Classification of Type1 Diabetes: Using Machine Learning Methods
摘要
Diabetes, a persistent metabolic disorder, results in elevated blood sugar levels, contributing to long-term damage to the kidneys, blood vessels, eyes, heart, and nerves. Type 1 Diabetes, formerly insulin dependent or juvenile, results from minimal pancreatic insulin production, necessitating external insulin for management. Most of those affected by diabetes, approximately 422 million people globally according to the World Health Organization (WHO), reside in middle- and low-income countries, resulting in 1.5 million annual diabetes-related deaths. Experts in the medical field are actively researching diabetes prediction for improved accuracy in early detection and management of the condition. The main objective is to compare various classifiers and feature selection methods to enhance prediction accuracy, contributing to more effective diagnosis and treatment approaches in healthcare.
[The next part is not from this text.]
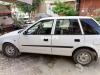 Suzuki Cultus VXR 2015 For Sale in Karachi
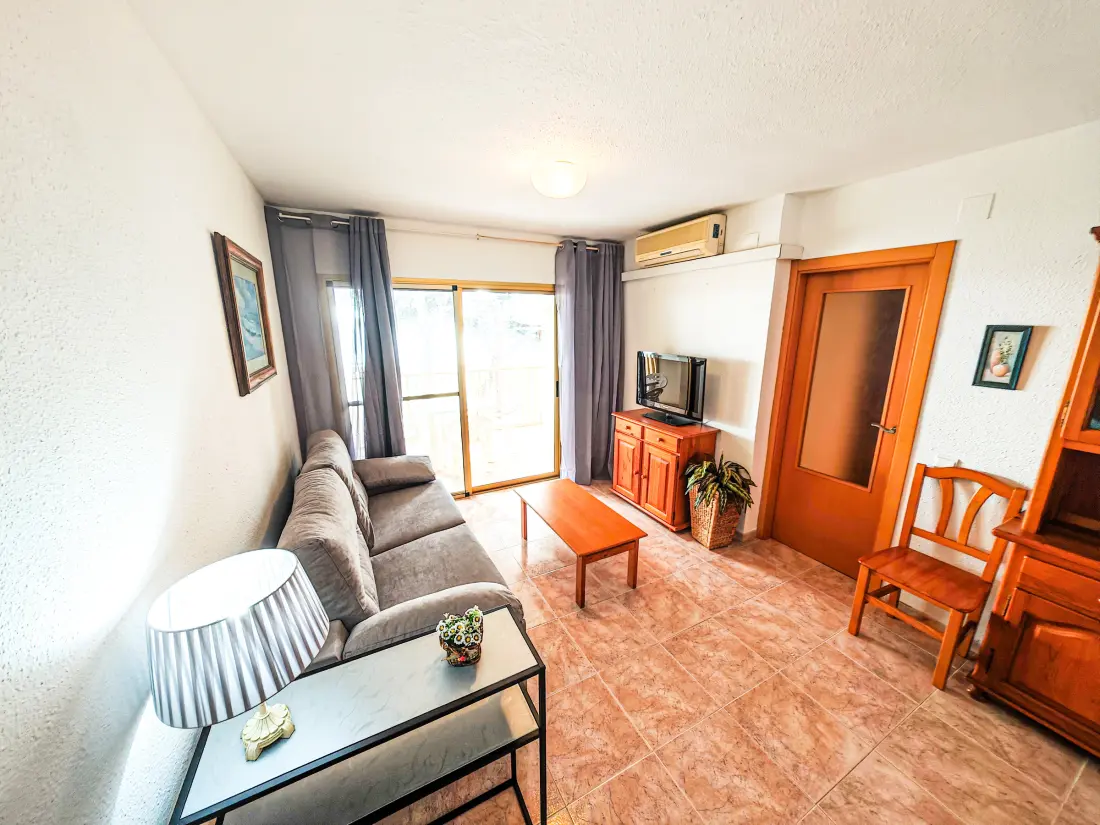 Location de Vacances Cambrils 233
The study evaluated Cubic KNN, Linear SVM, Subspace Discriminant Ensemble (SDE), and Kernel Naïve Bayes classifiers, applying PCA feature selection technique to enhance early detection of diabetes, offering valuable insights for improving predictive accuracy in healthcare. In the study, raw data underwent preprocessing and the PIMA Indians diabetes dataset was utilized for experiments. Results showed that the accuracy achieved for Cubic KNN was 86.7%, for Liner SVM 85.9%, for Subspace Discriminant Ensemble, and for Kernel Naïve Bayes 85.3%, indicating Cubic KNN as the most accurate classifier.